Evernote. I keep a list of earth likes and ammonia worlds I discovered, just in case they become interesting later.

I do wish there was a way to query the game servers. If FD provided that I'm sure plenty of people would write tools for it.
 
I found a nice water planet with life inside a nebula months ago. But I can't remember the system! I just know I was the first to discover it, and I'd really like to get back there again once we can land on them.

Is there a log somewhere of all the planets/systems we have scanned first?

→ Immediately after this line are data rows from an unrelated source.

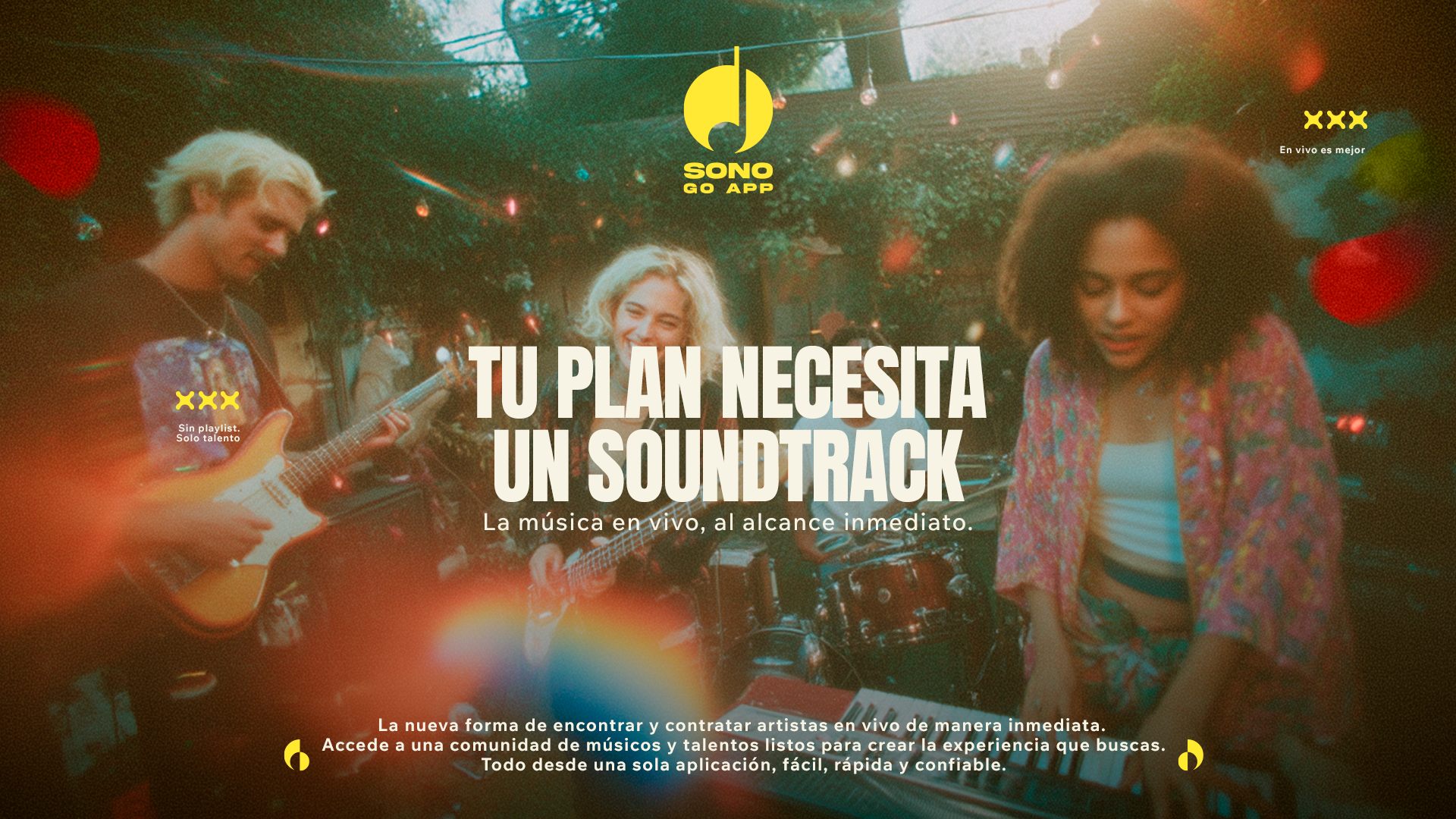 Perfil de músico dentro de Sono Go mostrando disponibilidad y opciones de contratación inmediata.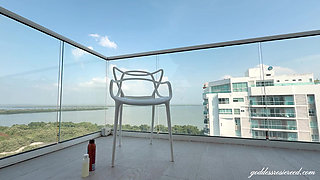 Sexy Goddess Legs- Ebony Femdom Goddess Rosie Reed Sensual Domination Long Legs Worship in Pink High Heels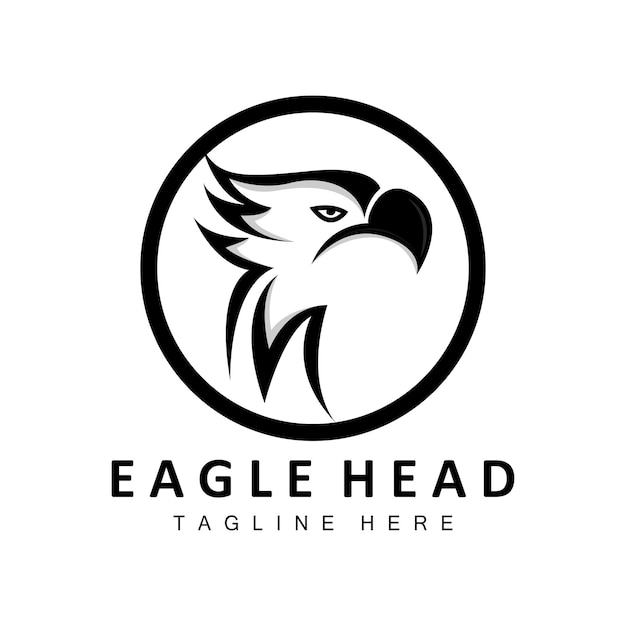 Eagle Head Logo Design Flying Feather Animal Wings Vector Producto Marca Icono Ilustración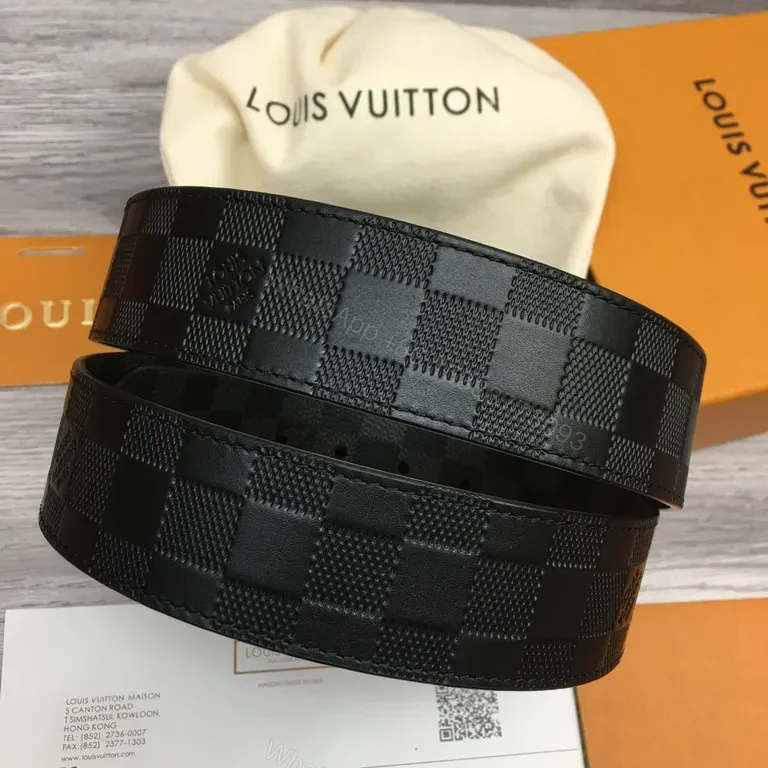 View 8 of Black Damier Belt with Signature Hardware - Luxe Coated Canvas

I wish we could. I had every single discovered 1st logged in my notes on slopeys tool.... And forgot to back up when I upgraded. Gutted as I wanted to go back and land on them. Once 2.1 is out going forward at least it will be fixed
 
+1
And the longer they wait, the worse it gets.
Although, to be fair, this is probably not the number one feature that the majority of the player base is waiting for.

While there are definitely more pressing issues, back when they decided on the `First Discovered By` mechanic, they must have surely foreseen that players would want to be able to look back on those discoveries, retrace journeys and such. Perhaps they have designed for that and have just not yet implemented it, but I'll admit I'm doubtful. It would be a pretty poor oversight on their part if they did not see how we might like this information.

Anyway, whilst we are dreaming, I'd like to see filters on the galaxy map for:

  • First discovered systems.
  • Systems visited, so I can visualise my exploration trips.

Further filters would of course be nice, earth likes etc...
 
Some kind of exploration archive should have been in the game since day 1 or at the very least since they added the 'discovered by' tags. It's a pretty big oversight IMO and it's sad that we don't even know if such a feature will ever be implemented. The fact that only now we're getting simple bookmarks isn't a good sign...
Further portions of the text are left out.